High-dimensional variable selection
Genome-wide association studies exemplify the situation where we have many input variables (genetic variants) that can potentially affect the outcome variable (disease status), creating a challenging statistical problem. I have developed theory and methods for this problem, in the context of the Model-X framework introduced by Candes et al.
Multiplicity is a ubiquitous problem in genomics applications, creating various methodological challenges. One challenge is to incorporate the structure of the underlying biology into the multiple testing procedure. For example, the genome has spatial structure, and biological networks have graphical structures. I’ve developed methodology for multiple testing problems involving group structure and graph structure.

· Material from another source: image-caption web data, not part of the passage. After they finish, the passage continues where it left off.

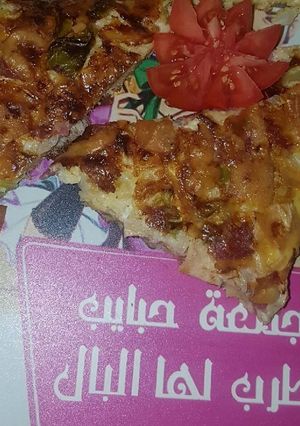 صورة لوصفة صينية توست بالبيض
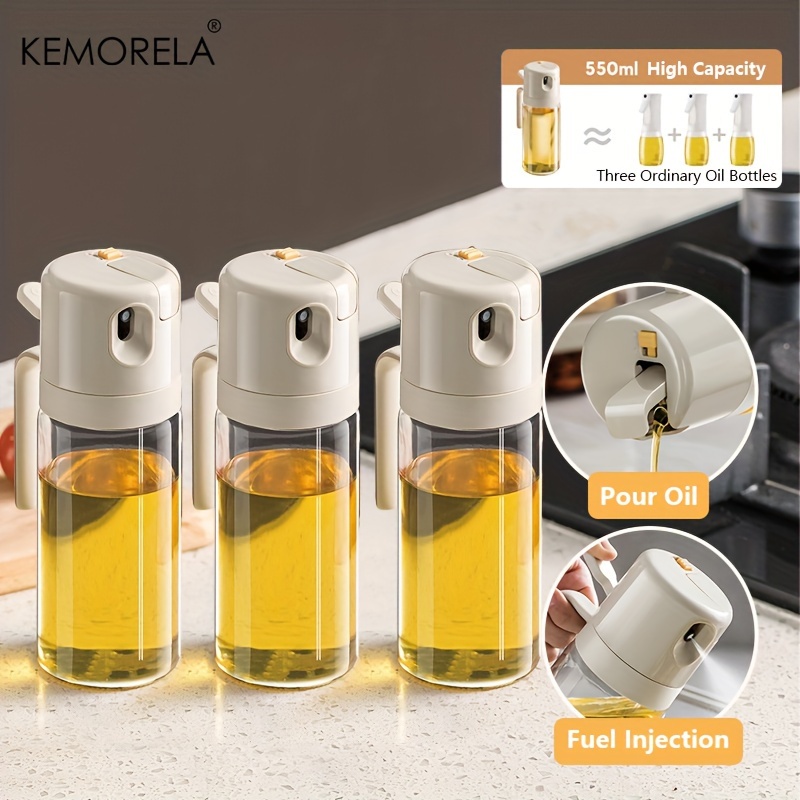 Kitchen Gadgets Oil Spray - 1/2/3 шт., бутылочка для распыления масла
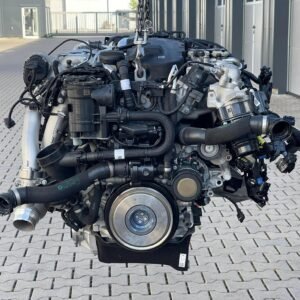 BMW B57D30B T3 3.0L Triple Turbo Diesel - 400HP.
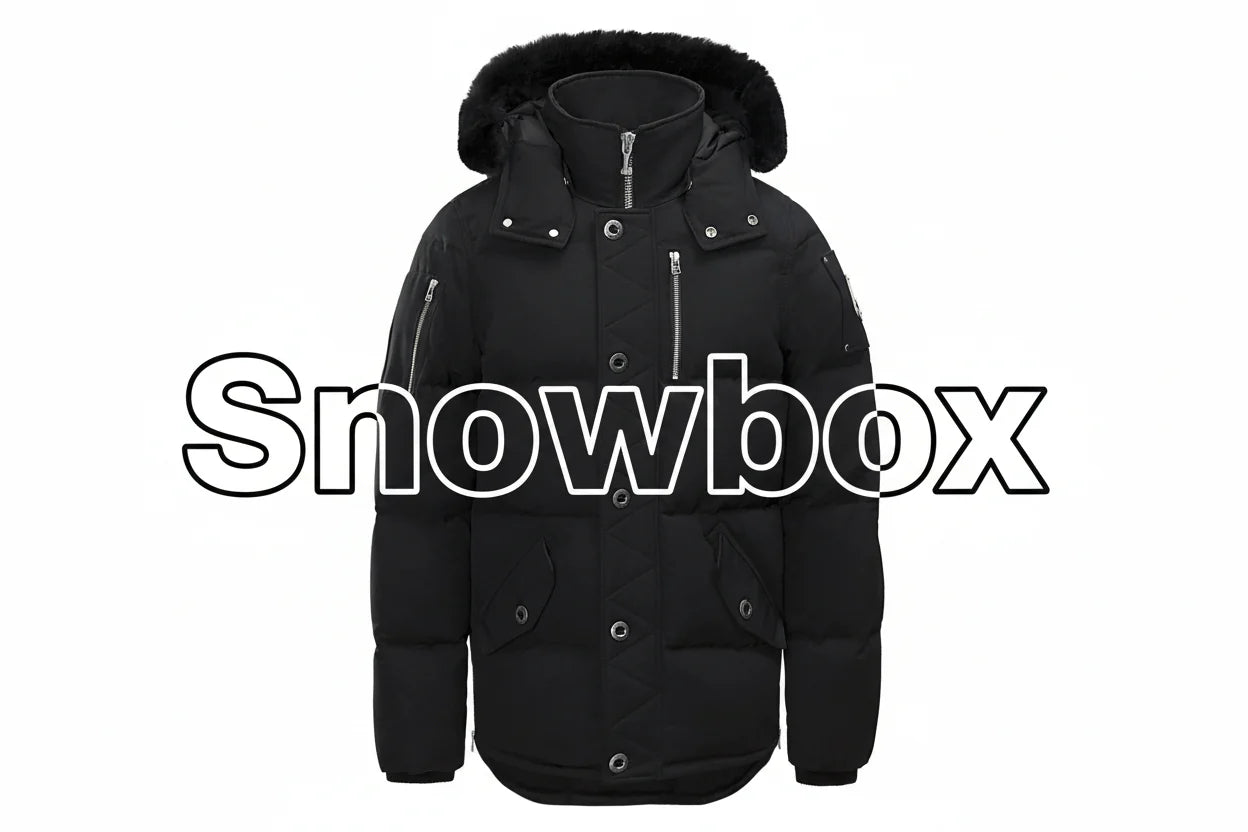 SnowBox x MK Jacket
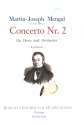 Concerto Nr.2 fr Horn und Orchester Partitur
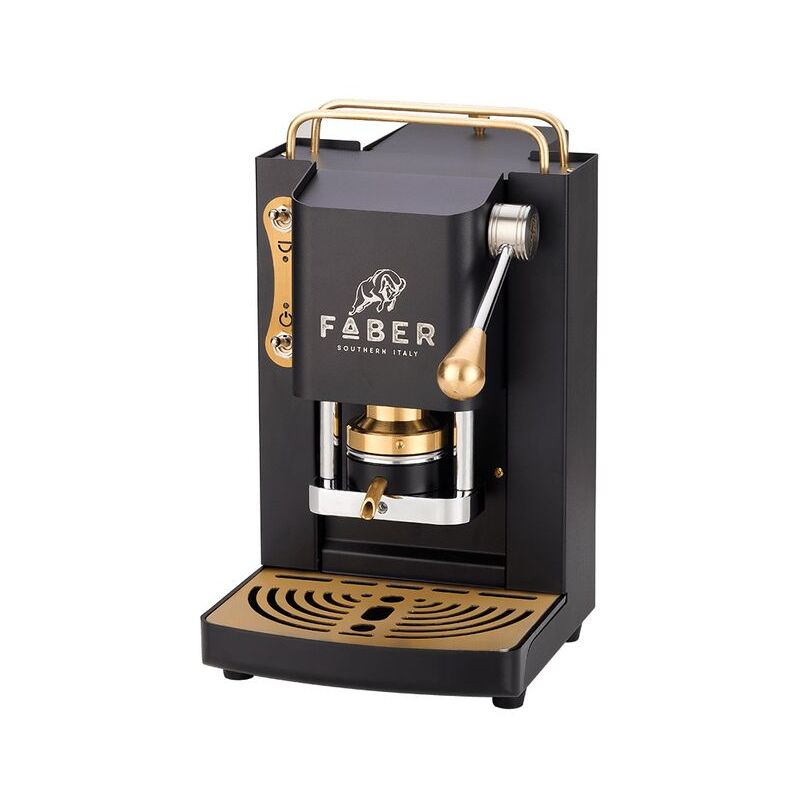 Image of Italia Mini Deluxe Automatica/Manuale Macchina per caffè a cialde 1,3 l - Faber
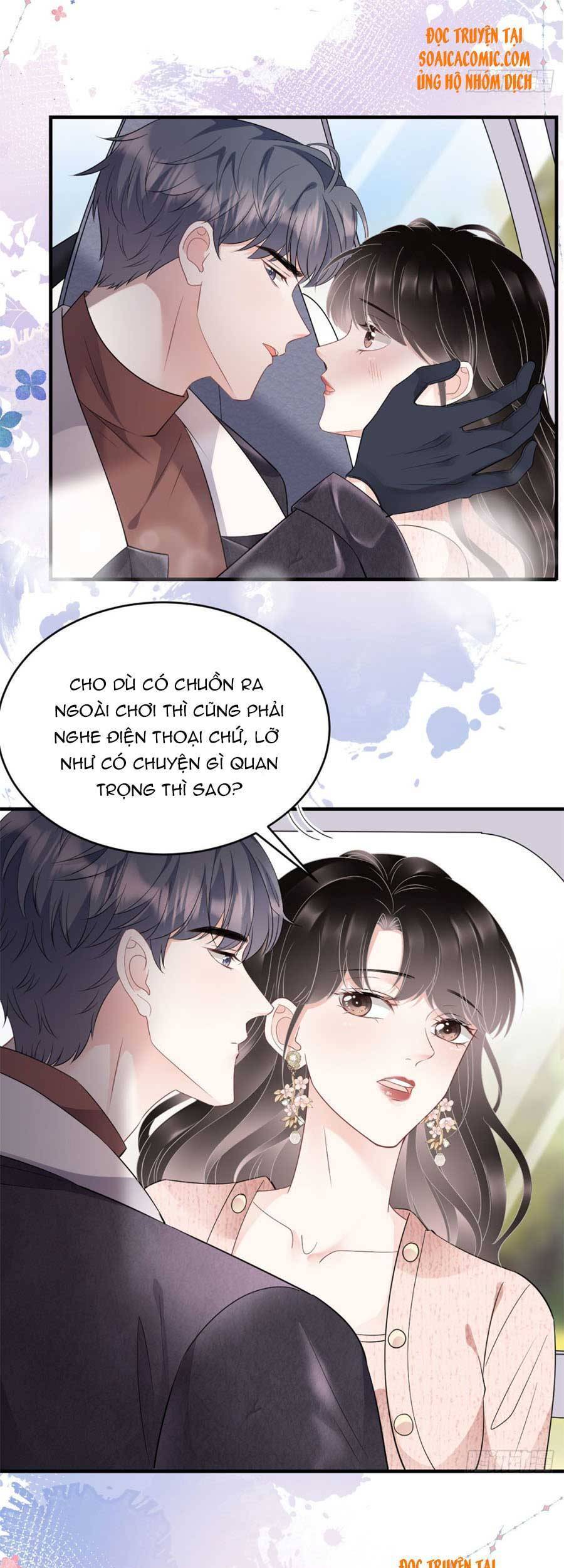 Đại Tiểu Thư Có Thể Có Cái Gì Xấu Chapter 76 - 9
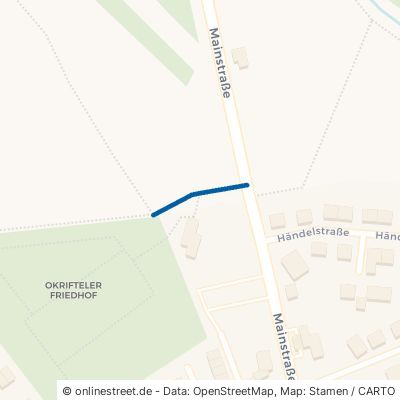 Haidebirnbaumweg Hattersheim am Main Okriftel 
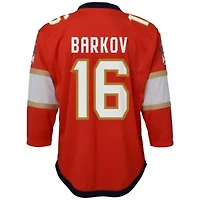 NHL Aleksander Barkov Florida Panthers Home Captain Replica Player Jersey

Reconciling exploration and inference
As new technologies facilitate faster and cheaper data collection, scientists increasingly use data for generating (as opposed to confirming) hypotheses. Data exploration is an integral step in hypothesis-generating research, but is at odds with standard statistical significance guarantees. Nevertheless, statistical guarantees are important to ensure the quality of the hypotheses chosen for confirmation. Reconciling exploration with inference is therefore an important statistical challenge. I have proposed a means for doing this in the context of Goeman and Solari’s simultaneous inference paradigm.